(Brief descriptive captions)
════════

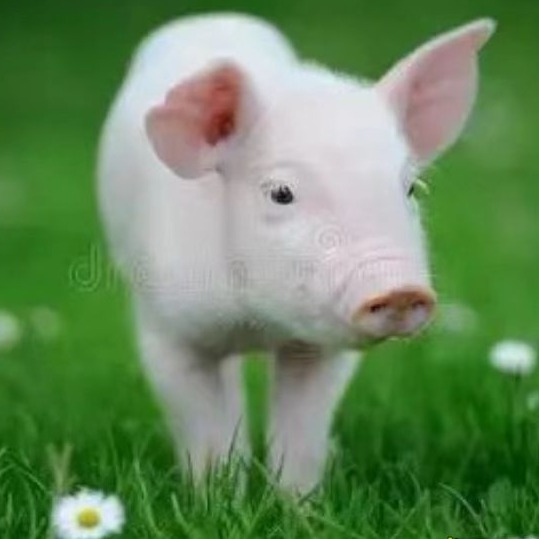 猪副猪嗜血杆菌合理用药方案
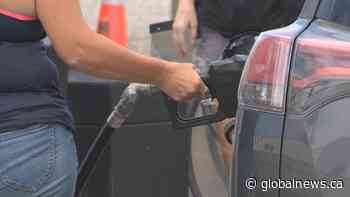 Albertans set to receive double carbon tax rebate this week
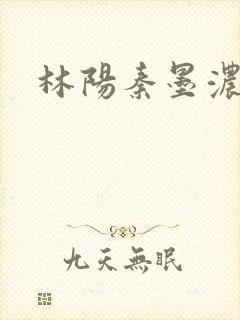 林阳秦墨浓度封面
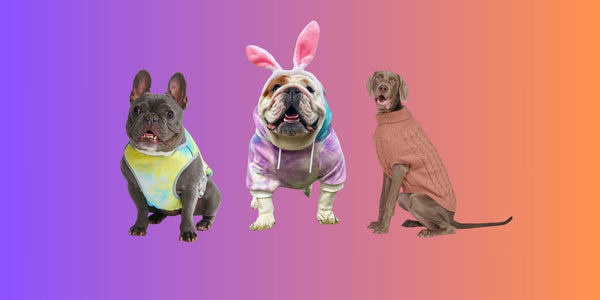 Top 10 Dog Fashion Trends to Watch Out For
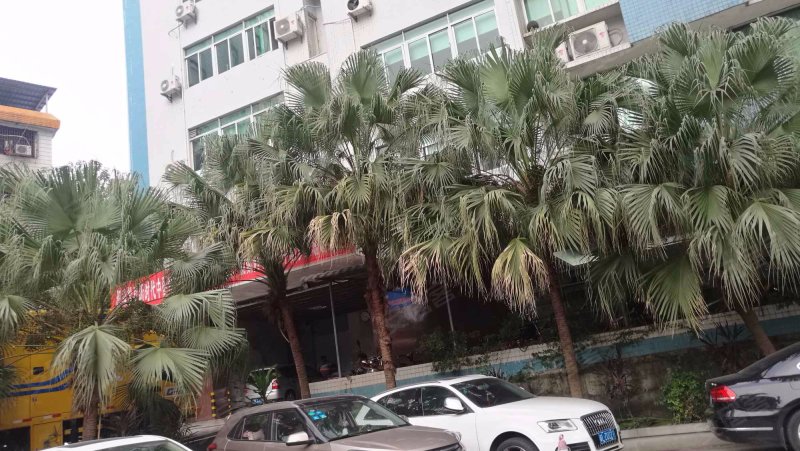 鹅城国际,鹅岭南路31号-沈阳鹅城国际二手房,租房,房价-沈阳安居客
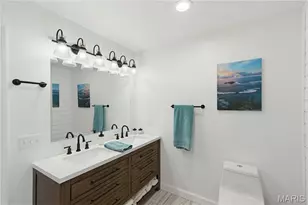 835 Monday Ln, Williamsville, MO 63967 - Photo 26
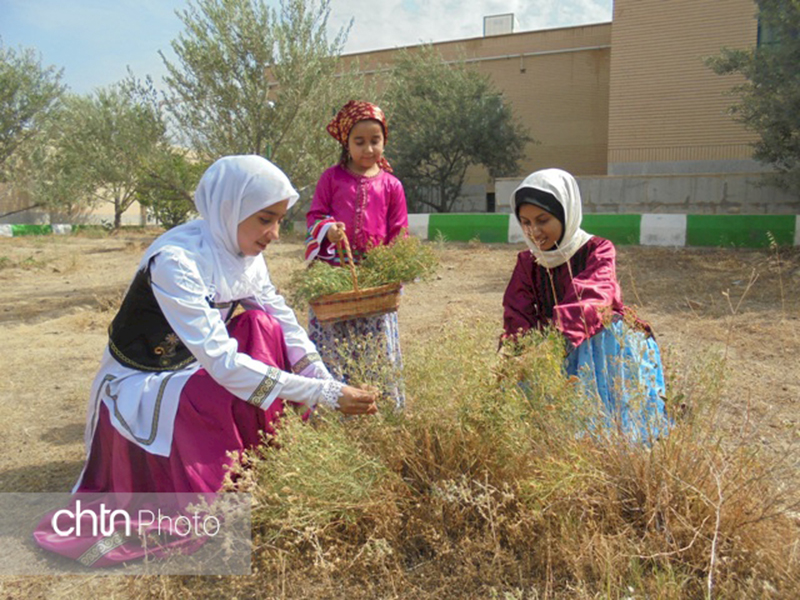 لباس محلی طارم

════════

PROBLEM: For the records above, output each one exactly and skip any image.

FINAL ANSWER:
 猪副猪嗜血杆菌合理用药方案
 Albertans set to receive double carbon tax rebate this week
 林阳秦墨浓度封面
 Top 10 Dog Fashion Trends to Watch Out For
 鹅城国际,鹅岭南路31号-沈阳鹅城国际二手房,租房,房价-沈阳安居客
 835 Monday Ln, Williamsville, MO 63967 - Photo 26
 لباس محلی طارم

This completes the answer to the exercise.